The difficulty might be that you can sometimes take your own place too much for granted, think you know it so well (perhaps too well?) when in fact you fail to see what is right under your nose. Often it can be useful to be away from home to see your own patch from a different perspective, anew, with fresh eyes.
This was the case recently for me on a trip to the West Cork Literary Festival in Bantry Bay. As part of a wonderful few days there my husband and I took an impromptu ferry from the bustling fishing port of Castletownbee to Bere Island. Only a ten minute trip but a million miles away, this beautiful rugged island typifies the Wild Atlantic Way.

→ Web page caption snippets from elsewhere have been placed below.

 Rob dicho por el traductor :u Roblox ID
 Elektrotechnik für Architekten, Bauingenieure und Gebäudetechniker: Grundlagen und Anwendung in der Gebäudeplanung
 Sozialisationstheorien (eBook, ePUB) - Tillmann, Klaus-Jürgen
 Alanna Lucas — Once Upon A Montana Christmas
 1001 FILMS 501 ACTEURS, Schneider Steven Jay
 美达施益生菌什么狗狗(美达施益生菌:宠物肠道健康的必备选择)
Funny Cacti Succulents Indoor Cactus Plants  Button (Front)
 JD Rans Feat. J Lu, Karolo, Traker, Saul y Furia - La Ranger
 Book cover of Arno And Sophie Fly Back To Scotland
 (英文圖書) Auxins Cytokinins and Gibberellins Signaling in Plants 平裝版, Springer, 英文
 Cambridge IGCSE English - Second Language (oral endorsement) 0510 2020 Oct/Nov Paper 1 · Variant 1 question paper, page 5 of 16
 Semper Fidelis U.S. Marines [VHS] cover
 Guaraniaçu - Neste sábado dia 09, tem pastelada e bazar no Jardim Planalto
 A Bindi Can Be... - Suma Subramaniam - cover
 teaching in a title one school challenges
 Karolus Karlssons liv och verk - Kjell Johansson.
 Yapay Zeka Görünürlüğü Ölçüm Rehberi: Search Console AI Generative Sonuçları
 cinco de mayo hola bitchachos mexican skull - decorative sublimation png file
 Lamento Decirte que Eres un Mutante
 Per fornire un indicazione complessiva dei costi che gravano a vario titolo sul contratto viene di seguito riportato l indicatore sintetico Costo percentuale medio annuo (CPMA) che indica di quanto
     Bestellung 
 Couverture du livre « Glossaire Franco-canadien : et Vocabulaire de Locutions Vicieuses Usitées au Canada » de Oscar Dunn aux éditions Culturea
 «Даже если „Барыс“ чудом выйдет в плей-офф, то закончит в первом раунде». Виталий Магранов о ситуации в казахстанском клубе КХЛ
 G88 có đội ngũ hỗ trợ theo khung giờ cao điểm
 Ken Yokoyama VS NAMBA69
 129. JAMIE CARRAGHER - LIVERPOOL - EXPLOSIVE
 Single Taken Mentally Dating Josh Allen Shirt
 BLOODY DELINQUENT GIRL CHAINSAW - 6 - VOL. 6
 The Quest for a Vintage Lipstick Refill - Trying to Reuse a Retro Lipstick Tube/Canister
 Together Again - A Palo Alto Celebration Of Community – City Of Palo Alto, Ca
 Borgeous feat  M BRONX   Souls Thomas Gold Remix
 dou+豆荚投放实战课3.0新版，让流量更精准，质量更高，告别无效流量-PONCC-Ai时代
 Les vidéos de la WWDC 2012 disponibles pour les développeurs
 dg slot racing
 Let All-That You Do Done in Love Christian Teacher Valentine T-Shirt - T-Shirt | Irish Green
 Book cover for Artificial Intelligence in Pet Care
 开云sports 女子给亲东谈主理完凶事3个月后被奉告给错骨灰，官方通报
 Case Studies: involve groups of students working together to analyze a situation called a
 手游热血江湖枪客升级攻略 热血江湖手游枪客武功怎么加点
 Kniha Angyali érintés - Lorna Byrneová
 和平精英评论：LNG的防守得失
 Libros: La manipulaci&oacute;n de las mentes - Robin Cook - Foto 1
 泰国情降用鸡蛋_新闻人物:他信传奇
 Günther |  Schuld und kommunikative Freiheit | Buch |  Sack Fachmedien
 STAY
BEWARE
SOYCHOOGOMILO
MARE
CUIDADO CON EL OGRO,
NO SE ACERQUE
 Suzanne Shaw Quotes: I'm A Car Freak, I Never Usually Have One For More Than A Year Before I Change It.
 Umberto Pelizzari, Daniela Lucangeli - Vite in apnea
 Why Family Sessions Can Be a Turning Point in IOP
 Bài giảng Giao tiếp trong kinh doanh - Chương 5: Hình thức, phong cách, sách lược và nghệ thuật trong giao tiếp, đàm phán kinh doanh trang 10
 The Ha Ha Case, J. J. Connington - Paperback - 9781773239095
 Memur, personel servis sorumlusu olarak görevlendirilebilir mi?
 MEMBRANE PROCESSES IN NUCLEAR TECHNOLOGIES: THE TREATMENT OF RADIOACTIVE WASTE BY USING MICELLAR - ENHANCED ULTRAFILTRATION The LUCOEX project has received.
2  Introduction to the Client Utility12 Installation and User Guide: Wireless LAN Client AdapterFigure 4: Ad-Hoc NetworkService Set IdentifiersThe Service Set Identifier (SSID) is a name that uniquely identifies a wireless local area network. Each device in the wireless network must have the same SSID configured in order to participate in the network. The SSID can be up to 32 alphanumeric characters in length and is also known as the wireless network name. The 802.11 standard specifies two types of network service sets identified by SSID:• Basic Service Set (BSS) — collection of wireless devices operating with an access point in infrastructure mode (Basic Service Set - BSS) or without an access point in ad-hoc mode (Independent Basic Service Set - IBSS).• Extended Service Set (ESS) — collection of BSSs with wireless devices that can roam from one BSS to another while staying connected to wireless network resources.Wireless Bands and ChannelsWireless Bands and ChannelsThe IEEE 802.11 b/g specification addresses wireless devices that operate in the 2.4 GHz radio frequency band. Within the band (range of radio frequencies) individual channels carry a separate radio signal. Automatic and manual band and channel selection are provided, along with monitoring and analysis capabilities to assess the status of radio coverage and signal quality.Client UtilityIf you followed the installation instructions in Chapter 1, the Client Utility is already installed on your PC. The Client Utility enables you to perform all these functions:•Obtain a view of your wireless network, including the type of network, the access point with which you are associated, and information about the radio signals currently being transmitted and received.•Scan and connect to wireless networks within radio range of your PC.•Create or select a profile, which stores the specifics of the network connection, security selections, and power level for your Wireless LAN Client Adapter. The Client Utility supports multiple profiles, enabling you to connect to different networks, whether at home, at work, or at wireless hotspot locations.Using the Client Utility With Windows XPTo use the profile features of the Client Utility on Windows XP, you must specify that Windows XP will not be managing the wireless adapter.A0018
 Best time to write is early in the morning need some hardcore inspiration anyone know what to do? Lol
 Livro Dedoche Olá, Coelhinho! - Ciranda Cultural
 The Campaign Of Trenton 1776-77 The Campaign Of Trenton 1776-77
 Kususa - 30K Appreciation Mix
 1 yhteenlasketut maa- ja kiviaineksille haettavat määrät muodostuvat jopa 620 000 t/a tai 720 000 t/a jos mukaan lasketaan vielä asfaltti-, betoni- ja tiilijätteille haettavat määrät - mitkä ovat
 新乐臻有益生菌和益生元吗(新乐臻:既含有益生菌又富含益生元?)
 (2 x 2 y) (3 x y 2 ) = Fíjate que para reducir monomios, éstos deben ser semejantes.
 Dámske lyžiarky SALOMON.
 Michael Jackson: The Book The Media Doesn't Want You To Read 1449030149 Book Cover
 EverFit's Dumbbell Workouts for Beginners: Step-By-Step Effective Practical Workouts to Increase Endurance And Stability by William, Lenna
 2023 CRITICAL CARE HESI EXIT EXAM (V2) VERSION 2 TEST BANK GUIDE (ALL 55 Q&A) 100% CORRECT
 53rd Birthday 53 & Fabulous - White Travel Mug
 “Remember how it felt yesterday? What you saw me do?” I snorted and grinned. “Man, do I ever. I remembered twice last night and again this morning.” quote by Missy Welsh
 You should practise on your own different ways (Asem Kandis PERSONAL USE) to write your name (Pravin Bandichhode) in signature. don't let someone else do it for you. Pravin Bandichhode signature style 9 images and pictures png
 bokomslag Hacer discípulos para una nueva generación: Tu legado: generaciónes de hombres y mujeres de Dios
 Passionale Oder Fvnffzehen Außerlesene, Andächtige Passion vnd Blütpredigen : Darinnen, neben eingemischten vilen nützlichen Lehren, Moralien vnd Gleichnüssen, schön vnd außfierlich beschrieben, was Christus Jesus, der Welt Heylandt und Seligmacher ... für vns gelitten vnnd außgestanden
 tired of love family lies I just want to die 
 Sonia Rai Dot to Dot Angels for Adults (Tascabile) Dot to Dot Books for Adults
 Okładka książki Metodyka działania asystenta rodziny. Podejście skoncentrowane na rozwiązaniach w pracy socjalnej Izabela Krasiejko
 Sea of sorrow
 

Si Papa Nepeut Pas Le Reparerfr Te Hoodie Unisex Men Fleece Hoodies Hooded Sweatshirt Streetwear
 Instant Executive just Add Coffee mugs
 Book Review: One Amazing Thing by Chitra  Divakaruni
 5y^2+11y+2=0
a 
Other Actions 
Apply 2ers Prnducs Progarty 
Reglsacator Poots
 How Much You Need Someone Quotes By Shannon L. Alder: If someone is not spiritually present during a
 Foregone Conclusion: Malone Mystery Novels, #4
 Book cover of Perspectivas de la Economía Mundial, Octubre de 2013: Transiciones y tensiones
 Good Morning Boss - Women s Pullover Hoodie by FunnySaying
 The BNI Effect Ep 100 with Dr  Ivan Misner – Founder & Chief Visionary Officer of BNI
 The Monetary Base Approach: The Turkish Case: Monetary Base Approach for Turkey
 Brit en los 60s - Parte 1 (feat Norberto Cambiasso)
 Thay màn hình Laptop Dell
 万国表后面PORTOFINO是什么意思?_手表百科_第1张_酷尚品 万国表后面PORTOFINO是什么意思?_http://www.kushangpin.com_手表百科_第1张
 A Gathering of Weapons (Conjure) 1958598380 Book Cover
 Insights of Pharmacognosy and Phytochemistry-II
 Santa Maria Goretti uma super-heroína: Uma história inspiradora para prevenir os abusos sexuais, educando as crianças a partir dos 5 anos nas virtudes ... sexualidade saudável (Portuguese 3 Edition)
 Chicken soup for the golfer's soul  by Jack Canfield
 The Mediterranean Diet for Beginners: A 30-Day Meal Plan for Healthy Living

It was a strange experience and though I was very much in the moment, I also had hiraeth for my own part of the Atlantic and my own coastline here in Gower, south Wales. Being away from it somehow brought it nearer.
As we clambered our way to the extremity of the windswept island towards the Ardnakinna Lighthouse, it was another lighthouse, nearer to home, that flashed into my mind. With it came the seeds of a new story about a married couple walking along a Welsh beach towards the derelict lighthouse that stands just around a limestone headland from where I live.
It explores the idea of transience in the shifting space covered twice daily by the fast tides here in Gower. I’ve got a fair first draft at present, but am happy with the idea which proves that sometimes you have to get away for a while to put in focus what you sometimes can’t see close up.